═════ Supplied material

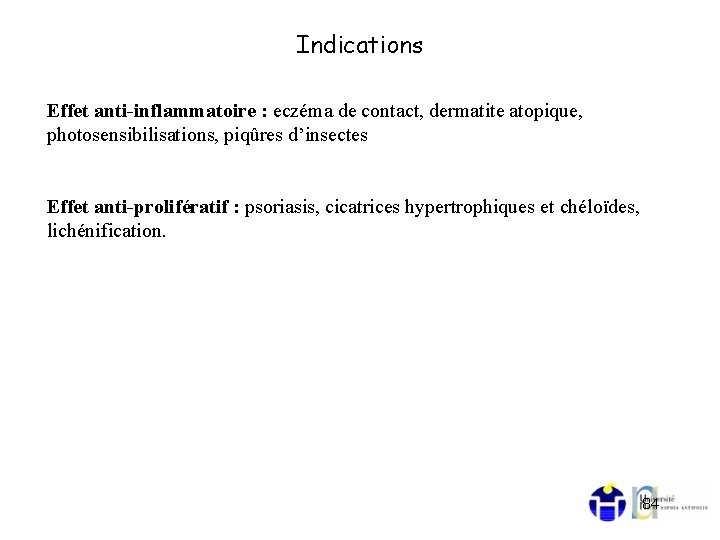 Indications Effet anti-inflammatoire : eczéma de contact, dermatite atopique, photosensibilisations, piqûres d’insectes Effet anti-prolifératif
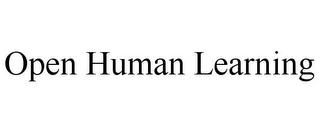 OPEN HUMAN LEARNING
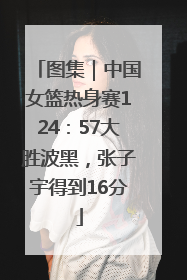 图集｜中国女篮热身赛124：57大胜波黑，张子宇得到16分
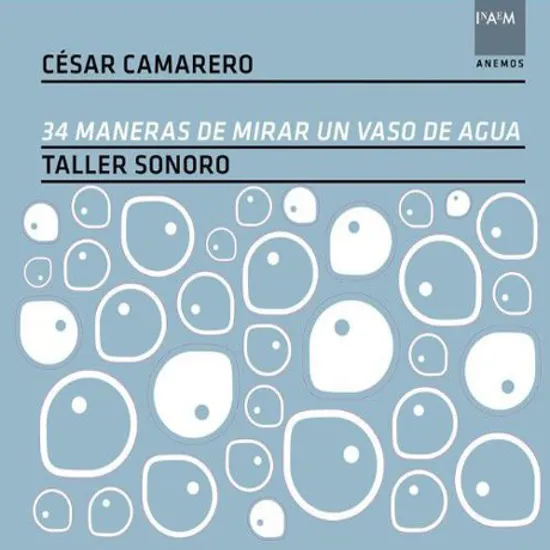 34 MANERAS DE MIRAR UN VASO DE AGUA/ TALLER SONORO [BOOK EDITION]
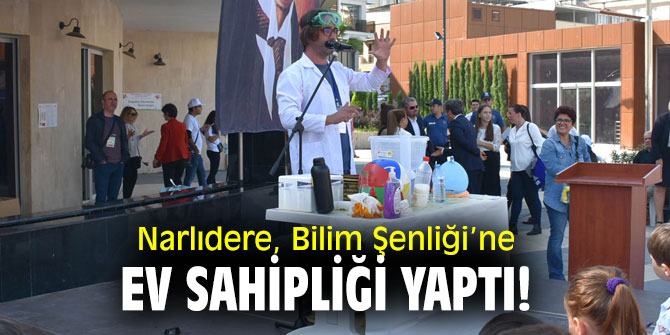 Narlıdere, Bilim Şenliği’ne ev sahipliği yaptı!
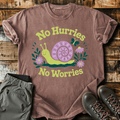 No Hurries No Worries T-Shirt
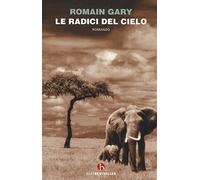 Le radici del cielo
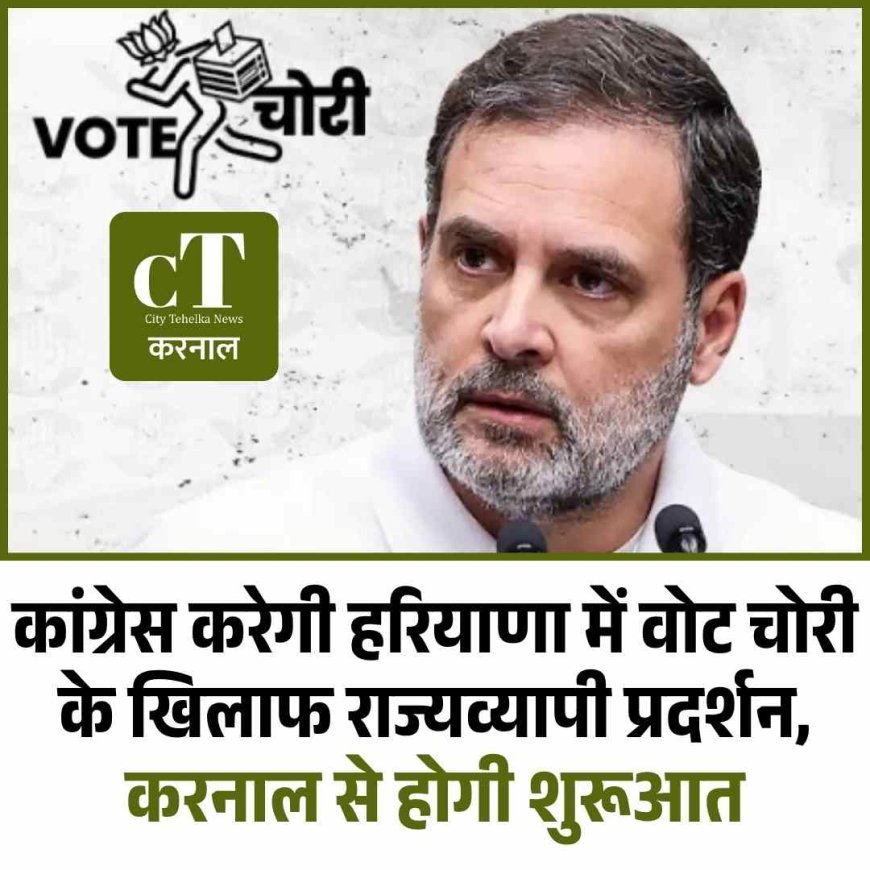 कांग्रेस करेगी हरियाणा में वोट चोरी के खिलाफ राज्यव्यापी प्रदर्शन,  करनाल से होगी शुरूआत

══════════

What is required: A verbatim copy of the entries, without the pictures, is what this task requires.

Answer to this exercise:
 Indications Effet anti-inflammatoire : eczéma de contact, dermatite atopique, photosensibilisations, piqûres d’insectes Effet anti-prolifératif
 OPEN HUMAN LEARNING
 图集｜中国女篮热身赛124：57大胜波黑，张子宇得到16分
 34 MANERAS DE MIRAR UN VASO DE AGUA/ TALLER SONORO [BOOK EDITION]
 Narlıdere, Bilim Şenliği’ne ev sahipliği yaptı!
 No Hurries No Worries T-Shirt
 Le radici del cielo
 कांग्रेस करेगी हरियाणा में वोट चोरी के खिलाफ राज्यव्यापी प्रदर्शन,  करनाल से होगी शुरूआत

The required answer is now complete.